■ **Task goal**:
Whenever a picture appears, leave it out while repeating all the other data exactly.

■ **Data extract**:
--- START ---

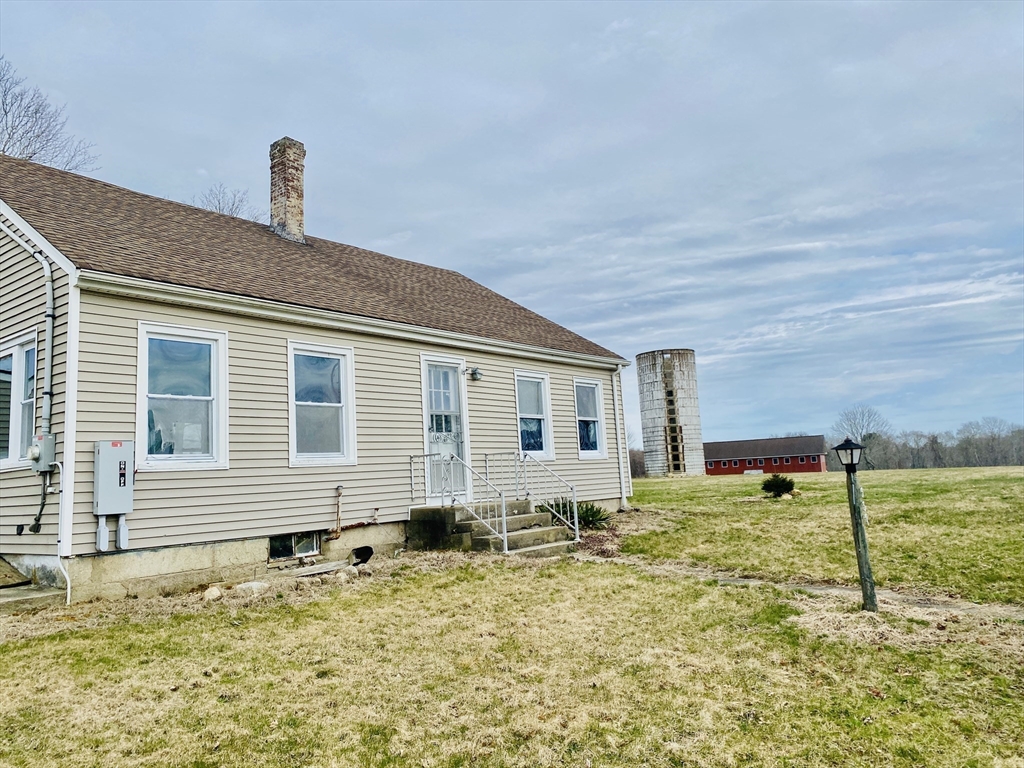 335 Old Fall River Road Dartmouth, MA 02747 - Photo 27 of 32 a front view of a house with a yard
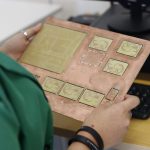 A technician examines a printed circuit board in a modern electronics lab.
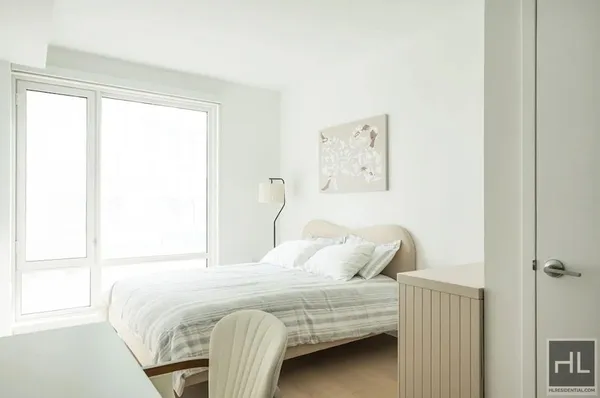 a bedroom with a bed and a window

--- END ---

■ **Task response**:
 335 Old Fall River Road Dartmouth, MA 02747 - Photo 27 of 32 a front view of a house with a yard
 A technician examines a printed circuit board in a modern electronics lab.
 a bedroom with a bed and a window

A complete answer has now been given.